COUR D’APPEL D’AIX-EN-PROVENCE

4e Chambre A

ARRÊT AU FOND

DU 11 JANVIER 2018

SL

N° 2018/ 10

Rôle N° 16/09589

[R] [P]

C/

Syndicat des copropriétaires [Adresse 1]

Grosse délivrée

le :

à :

SCP FRANCOIS-CARREAU FRANCOIS TRAMIER DUFLOT

SCP TROEGELER GOUGOT BREDEAU TROEGELER MONCHAUZOU

Décision déférée à la Cour :

Jugement du Tribunal de Grande Instance d’AIX-EN-PROVENCE en date du 10 Mai 2016 enregistré(e) au répertoire général sous le n° 14/01024.

APPELANTE

Madame [R] [P]

demeurant [Adresse 1]

représentée par Me Olivia DUFLOT CAMPAGNOLI de la SCP FRANCOIS-CARREAU FRANCOIS TRAMIER DUFLOT, avocat au barreau d’AIX-EN-PROVENCE substituée par Me Laure BARATHON, avocat au barreau d’AIX-EN-PROVENCE

INTIMEE

Syndicat des copropriétaires [Adresse 1], sis [Adresse 1] pris en la personne de son Syndic en exercice, la Société IMMOBILIER GESTION CONSULTANT, dont le siège social est [Adresse 2], elle-même prise en la personne de son représentant légal en exercice, domicilié en cette qualité audit siège

représenté par Me Michel GOUGOT de la SCP TROEGELER GOUGOT BREDEAU TROEGELER MONCHAUZOU, avocat au barreau d’AIX-EN-PROVENCE

*-*-*-*-*

COMPOSITION DE LA COUR

En application des dispositions des articles 785,786 et 907 du code de procédure civile, l’affaire a été débattue le 06 Novembre 2017, en audience publique, les avocats ne s’y étant pas opposés, devant Madame Sophie LEONARDI, Conseiller, chargé du rapport, qui a fait un rapport oral à l’audience, avant les plaidoiries.

Ce magistrat a rendu compte des plaidoiries dans le délibéré de la Cour, composée de :

Monsieur Jean-Luc PROUZAT, Président de chambre

Madame Sophie LEONARDI, Conseiller

Monsieur Luc BRIAND, Conseiller

Greffier lors des débats : Madame Danielle PANDOLFI.

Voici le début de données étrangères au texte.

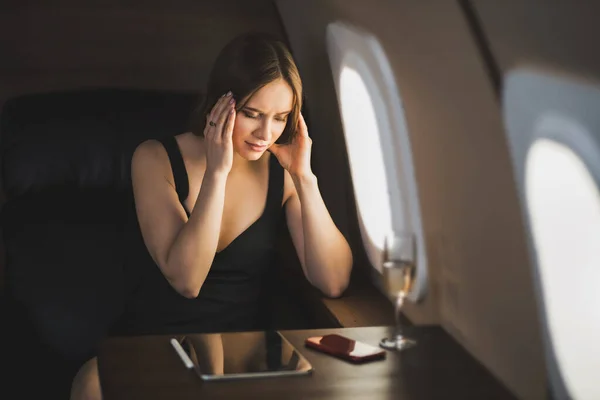 Aantrekkelijke vrouw in prive jet — Stockfoto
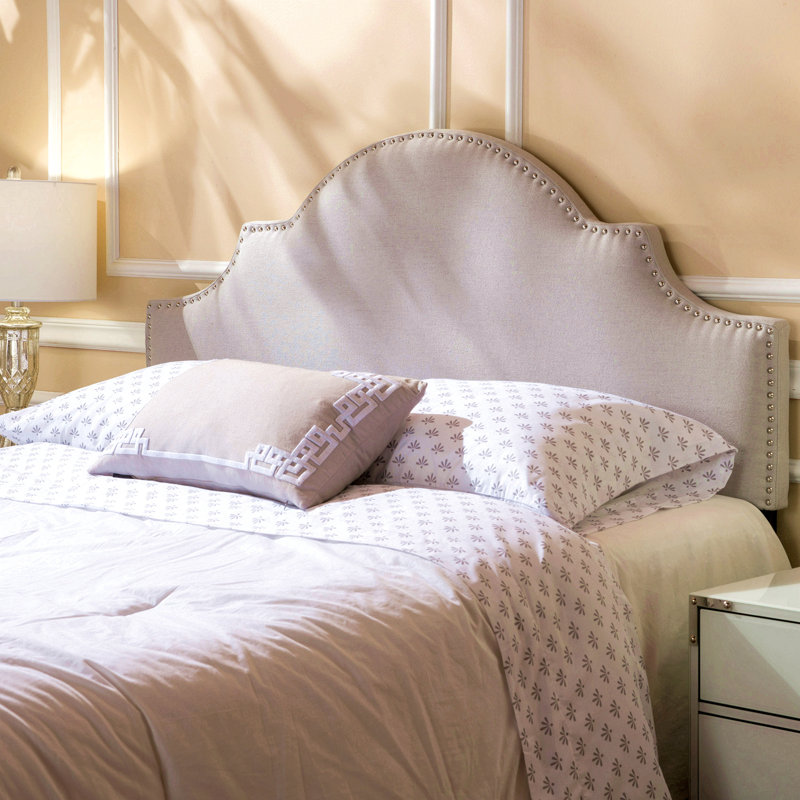 Tête de lit tapissier de grand lit, tête de lit en bois massif avec pieds en métal durables, tête de lit grand à hauteur réglable avec garniture cloutée dans la chambre à coucher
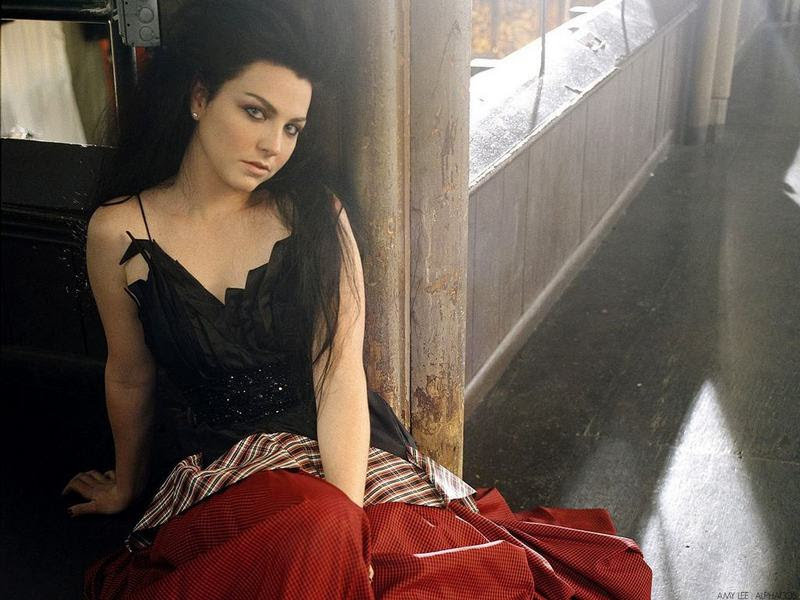 Amy Lee Evanescence Frontman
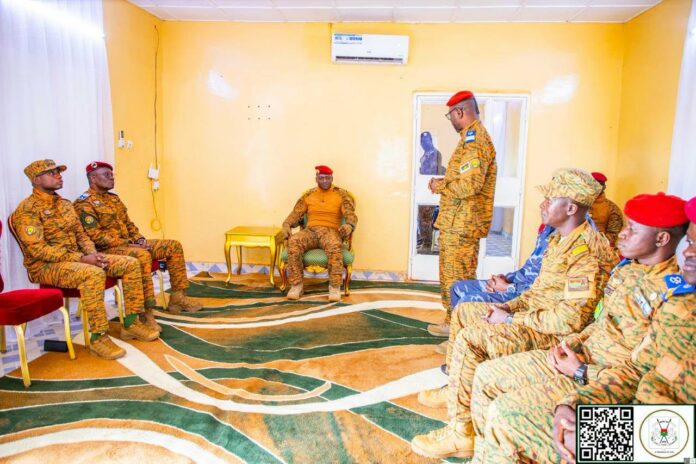 Le Président du Faso, le Camarade Capitaine Ibrahim TRAORÉ, Chef suprême des Forces amrées nationales a appelé les Forces de défense et de sécurité à la cohésion et à la solidarité pour vaincre l’ennemi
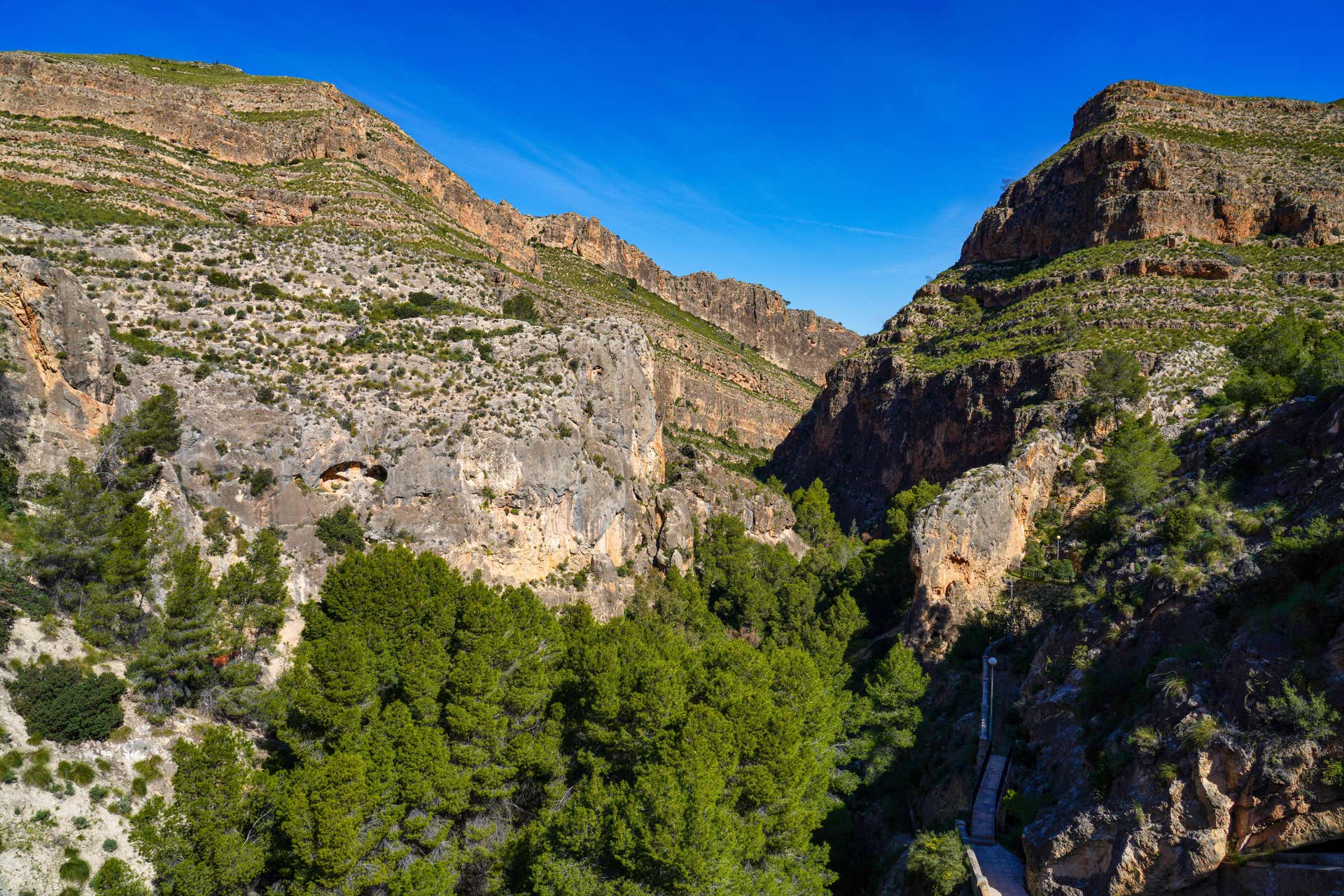 Senderismo por el cañón de Almadenes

Les parties ont été avisées que le prononcé de la décision aurait lieu par mise à disposition au greffe le 11 Janvier 2018

ARRÊT

Contradictoire,

Prononcé par mise à disposition au greffe le 11 Janvier 2018

Signé par Monsieur Jean-Luc PROUZAT, Président de chambre et Madame Danielle PANDOLFI, Greffier, auquel la minute de la décision a été remise par le magistrat signataire.

***

FAITS et PROCÉDURE – MOYENS et PRETENTIONS DES PARTIES

Mme [R] [P] est propriétaire d’un appartement dans un immeuble situé [Adresse 1].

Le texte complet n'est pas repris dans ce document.